Mr. Speaker, it has been mentioned in this House many times that a job is the best social program. It reduces social spending on families with jobs, and I believe a salary paid is a return of $2.50 to every dollar paid to the employee. Thank you, Mr. Speaker.

Early Childhood Development
Members' Statements

Page 4579

The Speaker Jackson Lafferty

Masi. Members' statements. Item 4, reports of standing and special committees. Member for Kam Lake.
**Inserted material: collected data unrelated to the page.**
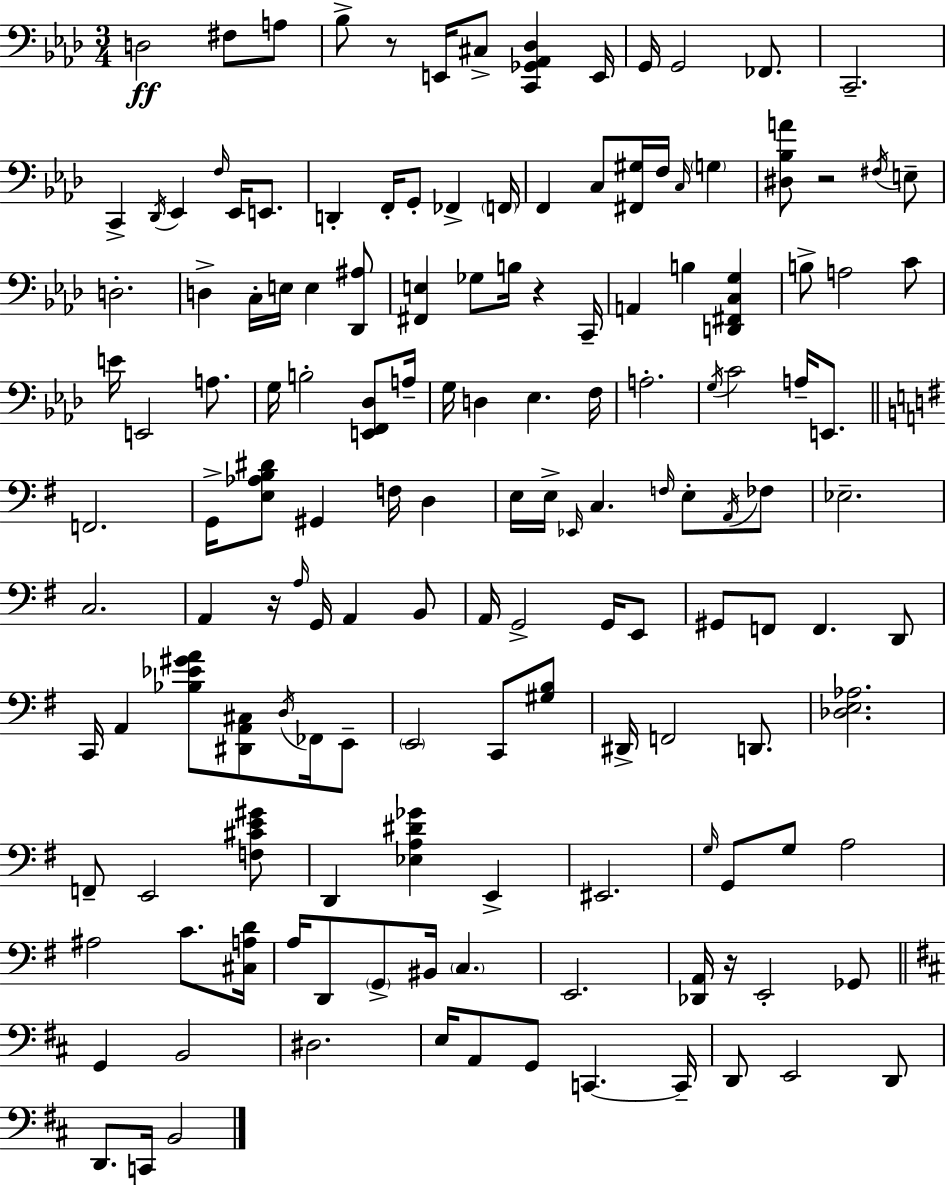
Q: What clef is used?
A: bass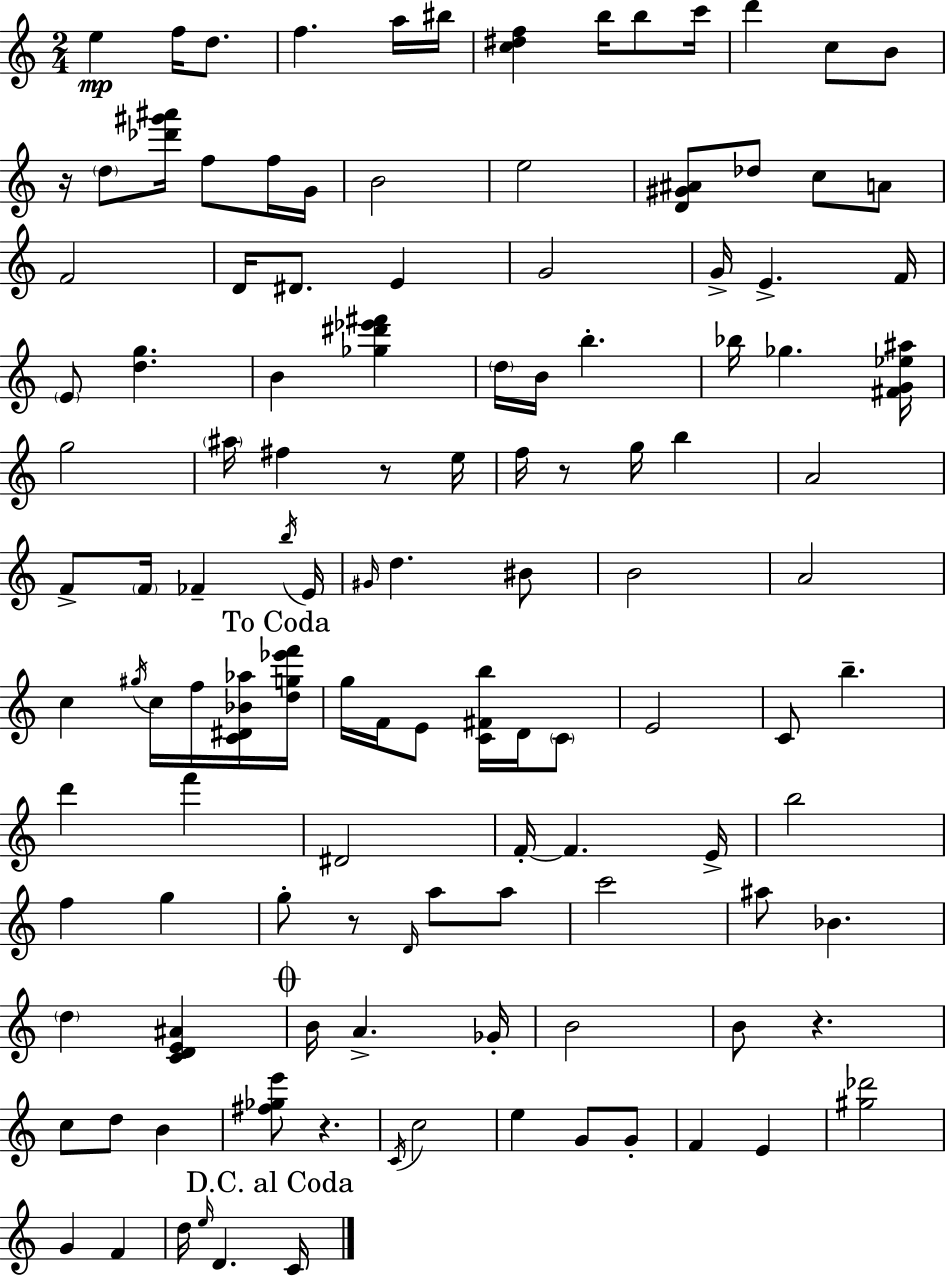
{
  \clef treble
  \numericTimeSignature
  \time 2/4
  \key c \major
  \repeat volta 2 { e''4\mp f''16 d''8. | f''4. a''16 bis''16 | <c'' dis'' f''>4 b''16 b''8 c'''16 | d'''4 c''8 b'8 | \break r16 \parenthesize d''8 <des''' gis''' ais'''>16 f''8 f''16 g'16 | b'2 | e''2 | <d' gis' ais'>8 des''8 c''8 a'8 | \break f'2 | d'16 dis'8. e'4 | g'2 | g'16-> e'4.-> f'16 | \break \parenthesize e'8 <d'' g''>4. | b'4 <ges'' dis''' ees''' fis'''>4 | \parenthesize d''16 b'16 b''4.-. | bes''16 ges''4. <fis' g' ees'' ais''>16 | \break g''2 | \parenthesize ais''16 fis''4 r8 e''16 | f''16 r8 g''16 b''4 | a'2 | \break f'8-> \parenthesize f'16 fes'4-- \acciaccatura { b''16 } | e'16 \grace { gis'16 } d''4. | bis'8 b'2 | a'2 | \break c''4 \acciaccatura { gis''16 } c''16 | f''16 <c' dis' bes' aes''>16 \mark "To Coda" <d'' g'' ees''' f'''>16 g''16 f'16 e'8 <c' fis' b''>16 | d'16 \parenthesize c'8 e'2 | c'8 b''4.-- | \break d'''4 f'''4 | dis'2 | f'16-.~~ f'4. | e'16-> b''2 | \break f''4 g''4 | g''8-. r8 \grace { d'16 } | a''8 a''8 c'''2 | ais''8 bes'4. | \break \parenthesize d''4 | <c' d' e' ais'>4 \mark \markup { \musicglyph "scripts.coda" } b'16 a'4.-> | ges'16-. b'2 | b'8 r4. | \break c''8 d''8 | b'4 <fis'' ges'' e'''>8 r4. | \acciaccatura { c'16 } c''2 | e''4 | \break g'8 g'8-. f'4 | e'4 <gis'' des'''>2 | g'4 | f'4 d''16 \grace { e''16 } d'4. | \break \mark "D.C. al Coda" c'16 } \bar "|."
}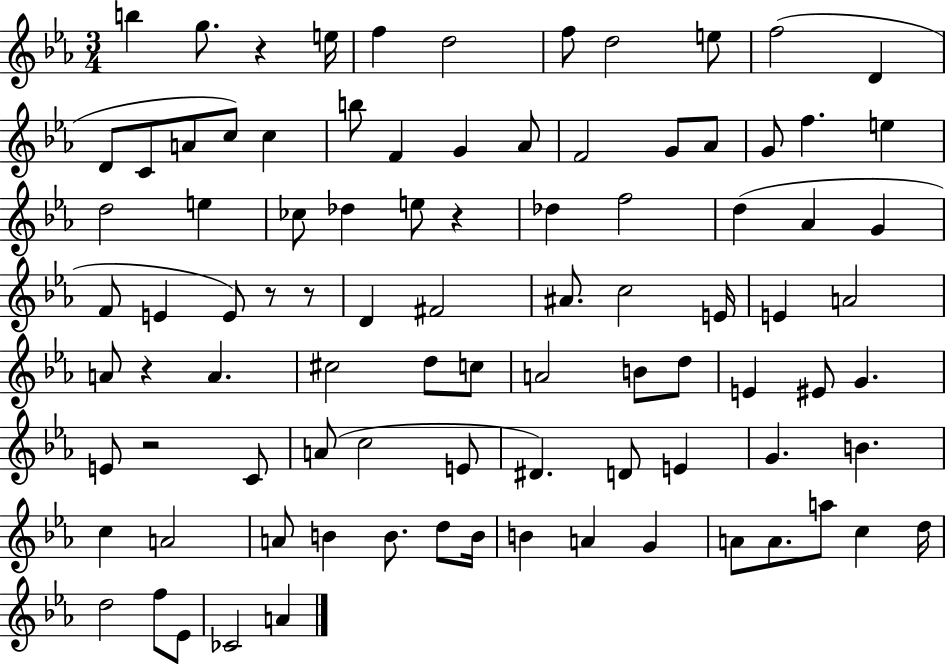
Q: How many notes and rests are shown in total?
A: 92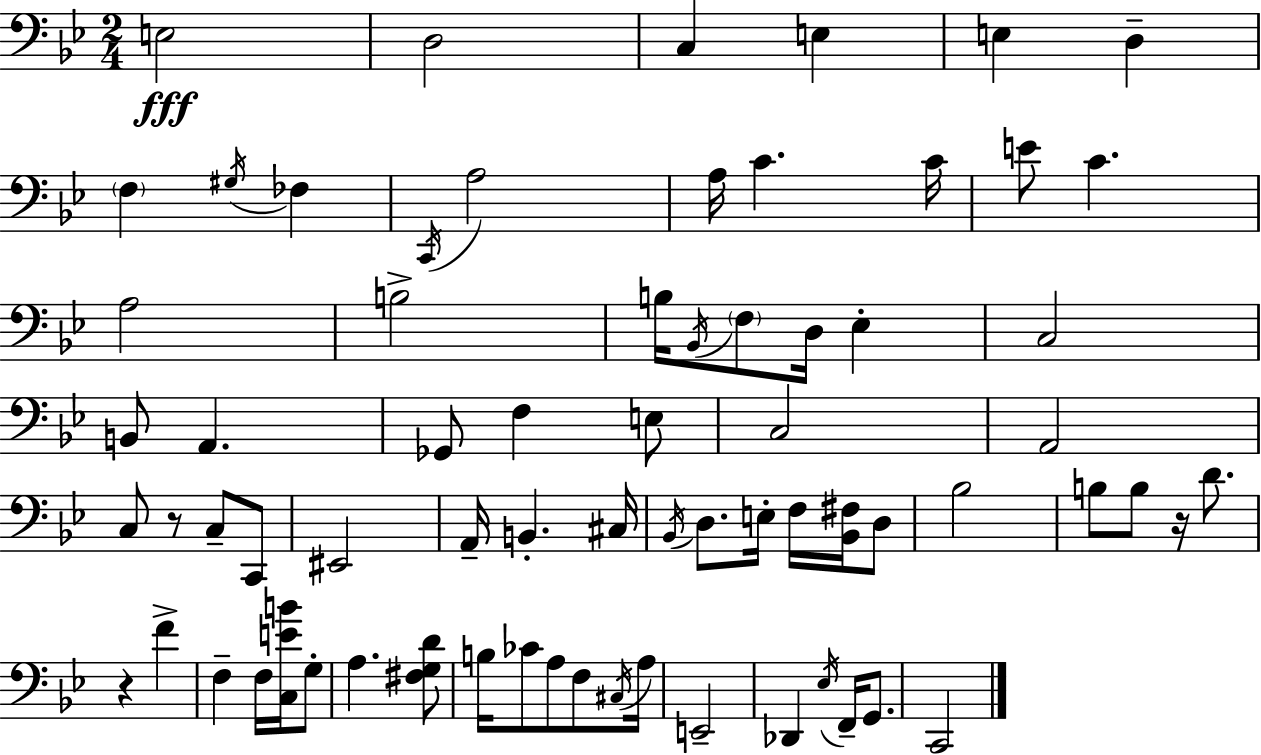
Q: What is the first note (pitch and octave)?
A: E3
Committee Report 9-18(3): Report on the Review of Bill 18, An Act to Amend the Cities, Towns and Villages Act
Reports Of Standing And Special Committees

October 30th, 2018

Page 4579

Kieron Testart Kam Lake

Thank you, Mr. Speaker. Mr. Speaker, your Standing Committee on Government Operations is pleased to provide its Report on the Review of Bill 18, An Act to Amend the Cities, Towns and Villages Act, and commends it to the House.

Introduction

Bill 18, sponsored by the Department of Municipal and Community Affairs (MACA), amends the Cities, Towns and Villages (CTV) Act to provide municipal councils governed under the act with new powers: the authority to impose a tax on tourist accommodations; and the authority to allow property owners to finance energy efficiency or renewable energy works through local improvement charges added to the property owner's municipal tax bill. It is important to note that these new powers are separate from one another and not related, except that they are both dealt with under the Cities, Towns and Villages Act, the legislation that sets out the powers of tax-based municipal governments.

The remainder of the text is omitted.